GB Huang1, LL Li1, RZ Zhang2, Murray Unkovich3, Guangdi Li 4, K Chan5 and William Bellotti3

1 Faculty of Agronomy, Gansu Agricultural University, Lanzhou 730070, China, Email
Faculty of Resource and Environmental Science, Gansu Agricultural University, Lanzhou 730070, China
School of Agriculture, Food & Wine, The University of Adelaide, Roseworthy Campus, Roseworthy, South Australia, 5371
EH Graham Centre for Agricultural Innovation (Alliance between NSW Department of Primary Industries and Charles Sturt University), Wagga Wagga Agricultural Institute, PMB, Wagga Wagga, NSW 2650, Australia
NSW Department of Primary Industries, Richmond, Locked Bag 4, NSW 2753 Australia


Conservation tillage was evaluated under local subsistence-orientated farming conditions found on the Loess Plateau of western China. Over six years, average wheat grain yield under an experimental no-tillage, stubble-retained treatment (NTS) was 18% higher (2.0 versus 1.7 t/ha) than under the traditional tillage and complete stubble removal treatment. The corresponding figures for field pea were 1.4 and 1.1 t/ha (20% increase). The main mechanism for higher grain yield under NTS was increased supply of soil water due to reduced soil evaporation and increased infiltration (reduced runoff). Soil quality was also improved and profitability under NTS was higher due to increased grain yield and decreased input costs (reduced labour due to no-tillage). Despite these significant benefits, the adoption of NTS systems in China remains low. The constraints to adoption, and future research and extension needs are discussed.

Key Words

No till; stubble retention; water use efficiency; grain yield; profitability; on-farm research


The Loess Plateau of China has the unfortunate reputation of being one of the most eroded landscapes on earth. The soils and climate of the region contribute to the erosion problem but human factors such as high population density, poverty, overgrazing and excessive cultivation are important factors in the susceptibility of the land to severe erosion. In response to this situation, China and Australia commenced a bi-lateral research project into conservation tillage in 2000. For a more detailed description of the research see Huang et al.(2008). An analysis of the on-farm research methodology used in the project is provided by Whish et al. (2008). Hobbs (2007) provided a general review of conservation tillage and Li et al. (2007) have previously described the results from a long-term study in China. This paper provides an overview of the research that evaluated conservation tillage (no-tillage and stubble retention) methods, which have the potential to maintain or improve productivity while protecting and enhancing soil resources.
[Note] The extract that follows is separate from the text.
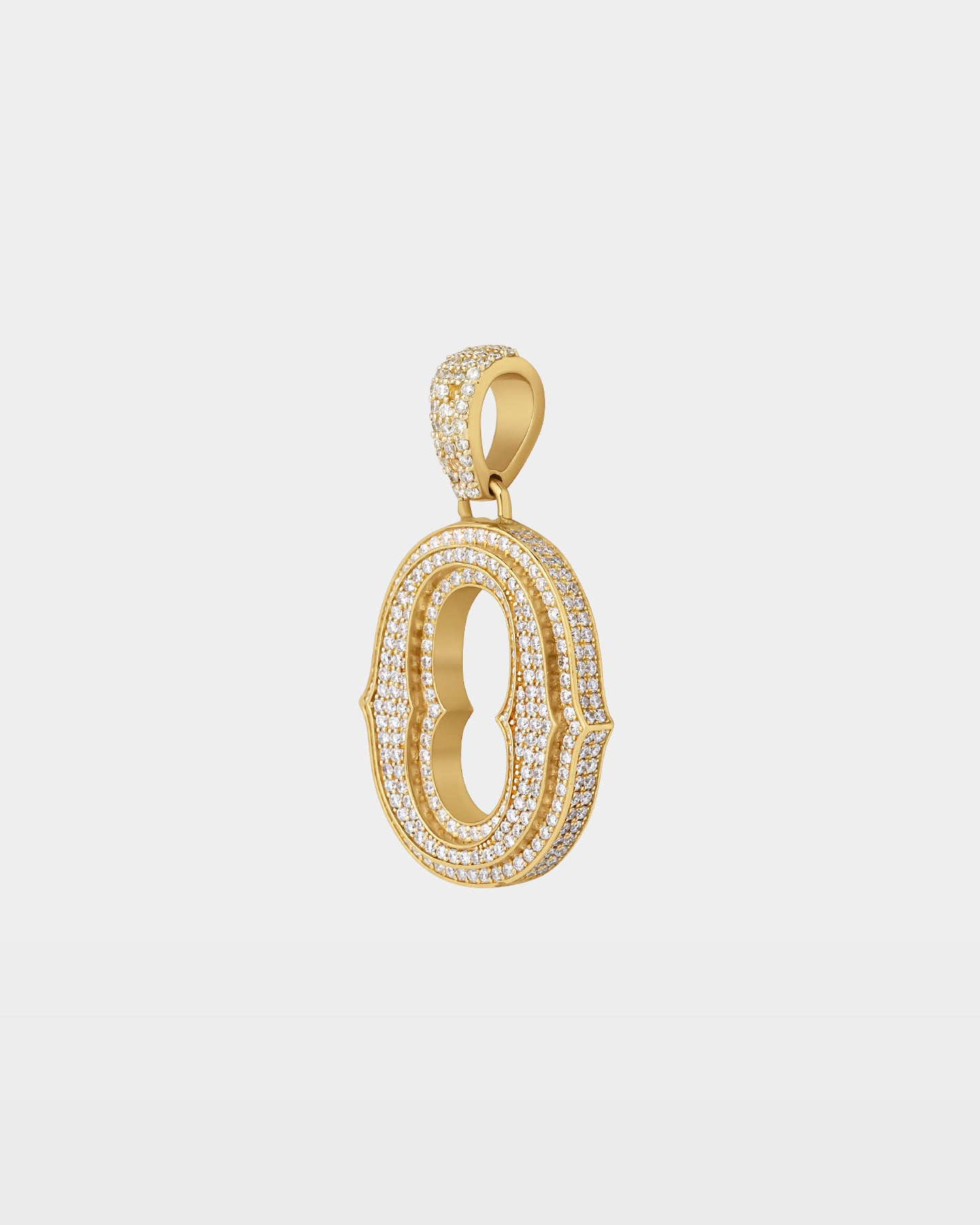 Scalloped "O" Letter Diamond Pendant | The Ice Champ Icy Jewelry Dallas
Climate, soils and farming systems

In China, the arid and semi-arid regions account for 52% of the land area. Rainfed farming systems predominate in China (Wei and Wang 1999) and on the Loess Plateau they occupy 80% of the total cultivated land area (Shan 1994). Most of the Loess Plateau is covered by deep loess soil dissected by eroded gullies. The sparse vegetation has a much lower proportion of forest coverage than the average of the whole country (Niu and Liu 2001). Most of the pasture land has been moderately or severely degraded in recent years (Ding 2001). The loess soils are deep, free-draining and able to store considerable plant-available water. However, a combination of low clay content and intensive cultivation results in low soil organic matter, structural instability (erosion) and low fertility for crop production (Zhu et al. 1983).
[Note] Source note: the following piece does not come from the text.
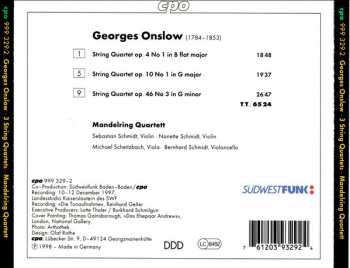 CD George Onslow: String Quartets Vol. 2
The Loess Plateau has a typical continental monsoonal climate, with most of the rain falling in summer and early autumn (June to September). Most of the area is 1000 to 2000 m above sea level. The duration of the summer cropping season is less than in North China but it is sufficient for successful annual mono-cropping. With the rise in topography from south-east to north-west, there is decreasing influence from the south-east monsoon, and a clear transition from a sub-humid to a semi-arid climate (Chen 1998, Gan et al. 2008). Rainfall varies greatly from year to year. The low annual rainfall (310-625 mm) cannot meet the potential crop requirement for water as determined by the productive capacity of light and temperature.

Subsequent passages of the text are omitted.